Sweeney received the degree of Doctor of Laws, honoris causa, for his social justice work that includes advocating for better health care for workers, immigration reform for undocumented workers and increasing the participation of women and underrepresented people in the labor movement.
“This is a night I’ll never forget,” Sweeney said with a smile in Gaston Hall on Sept. 3. “It even nudges out being selected years back to be the grand marshal of the New York St. Patrick’s Day parade.”
Sweeney dedicated his degree to the “millions of working families who continue to inspire me through the work they do everyday to make our country a wonderful place to live.”
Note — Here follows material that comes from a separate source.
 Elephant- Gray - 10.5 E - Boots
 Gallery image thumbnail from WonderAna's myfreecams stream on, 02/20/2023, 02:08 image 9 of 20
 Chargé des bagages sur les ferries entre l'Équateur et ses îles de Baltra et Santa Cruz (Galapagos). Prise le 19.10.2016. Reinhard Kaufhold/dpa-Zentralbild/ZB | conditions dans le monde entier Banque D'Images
Labor Movement Faces Challenges
It is a difficult time for the labor movement, Sweeney acknowledged, pointing to depressed wages and savings wiped away in the recession. Rising unemployment in the past year has given a face to Americans without work, he added.
“The poor and out of work are no longer abstract or invisible,” Sweeney said. “They are our sons and daughters, our mothers and fathers, our friends and neighbors.”
Sweeney said the greater good of society necessitates reforms, including universal health care, job creation, environmentalism, stronger regulations on the financial industry, trade laws to protect workers’ rights, protection for immigrants and laws that preserve workers’ rights to form unions.
A Criticism of ‘Unfettered Globalization’
Sweeney pointed to his Catholic faith as a bedrock foundation for his work to realize those reforms. He said the June social encyclical, Caritas in Veritate, from Pope Benedict XVI acted as a “timely tonic to my spirit.”
“It exposes the evils of unfettered globalization, shattering the notion that markets can be counted on to regulate themselves and that building quotas of poverty and underdevelopment are acceptable ways to make markets work,” the labor leader said. “The Holy Father reaffirms our belief in government as a legitimate tool for correcting injustice and inequality and for regulating business.”
Georgetown President John J. DeGioia applauded Sweeney’s work as an extension of Catholic teachings about the value of work on society and the individual. He particularly praised Sweeney’s efforts to “promote authentic human development” through work, and the union leader’s work overseas.
“John understands that in our increasingly globalized world,” DeGioia said, “… that we cannot truly defend workers’ rights and conditions in the United States, and we cannot truly fight for authentic human development at home unless we also fight for the rights and conditions of workers abroad.”
Many Sweeney supporters turned out for the degree ceremony, including his family and Georgetown faculty, staff and students.
“His speech was inspirational,” said Sam Harris (C’11). “I wish all prospective students were required to listen to it because this kind of social justice work is what Georgetown really is about -- and should be about.”